Divorcing couples in Reading likely anticipate having to battle over a number of issues; who gets the 401(k), however, may not be an argument they expect to encounter. Yet as contributions made to such an account during a marriage come from marital income, it is thus a marital asset.
As such, both parties typically share an equal stake in it (that is to say an equal share in those marital contributions). The question then becomes what it is the best way to deal with the division of a 401(k) account during a divorce.
Keeping the full 401(k)
Plan holders may argue against dividing it all. Those who wish to keep the full amount of their 401(k) accounts may do so (though not without some maneuvering). According to the 401(k) Help Center, they would simply need to relinquish their claim to a marital asset of comparable value in exchange for their ex-spouse giving up their interests in the 401(k). This may seem to some to be a proverbial “no-brainer,” yet it is not a decision that one should make hastily. The court does not value a non-contributing spouse’s stake in a 401(k) at its current value, but rather the future value it may obtain through growth from investment returns and interest.

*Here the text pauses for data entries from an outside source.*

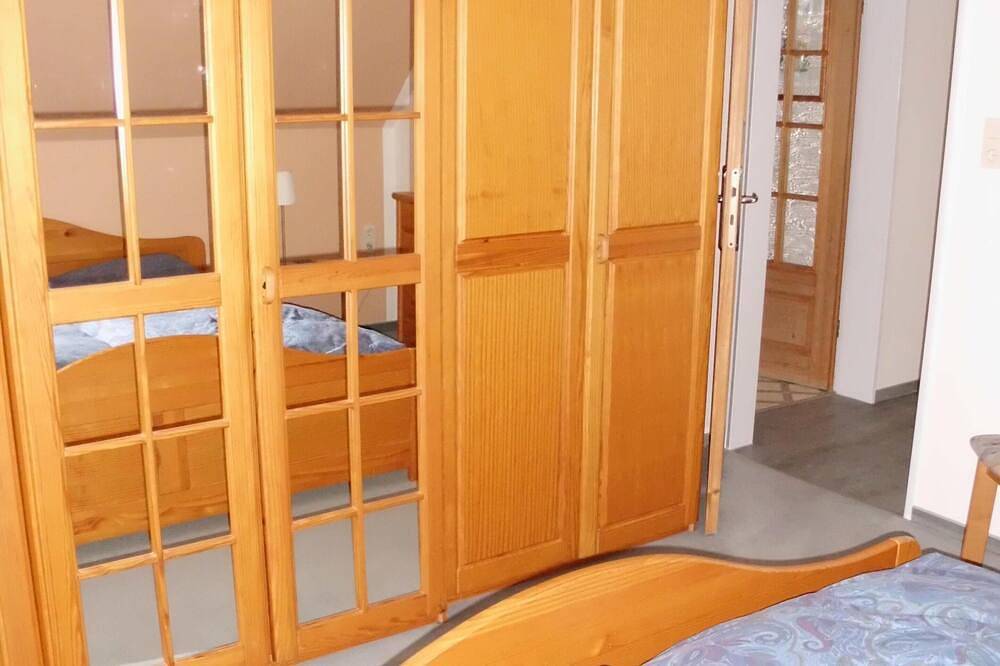 Ganze Wohnung, Wohlfühlen in gepflegter 70 qm Oberwohnung. in Marienhafe, Landkreis Aurich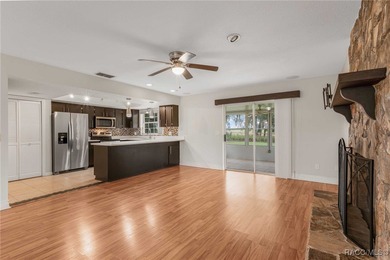 This house may be older, but it has good bones and has been on LakeSide Country Club in Florida - for sale on GolfHomes.com, golf home, golf lot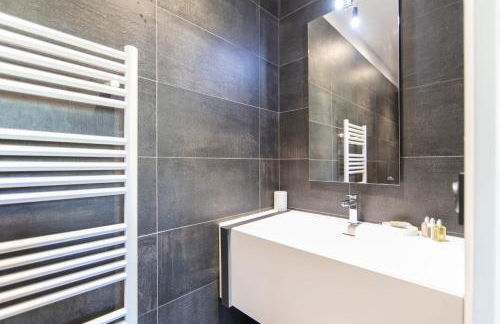 Villa Palombes au Cap Ferret charming villa with swimming pool - Foto 37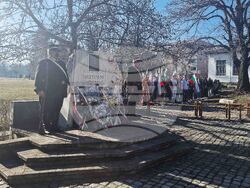 Търговище - 147 години от Освобождението на града от османско иго - честване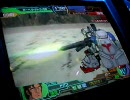 ガンダムカードビルダー　アムロとドアン#119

This means the spouse asking to keep their full 401(k) may have to give up more than they bargained for.
Other options for handling a 401(k) in a divorce
Many divorcing couples simply choose to divide the contributions subject to division equally and roll those due to the non-contributing spouse into their own retirement account. One may also simply cash out their portion; per the website CNBC.com, divorce is one of the few cases where one can make an early withdrawal from a 401(k) account without incurring a penalty.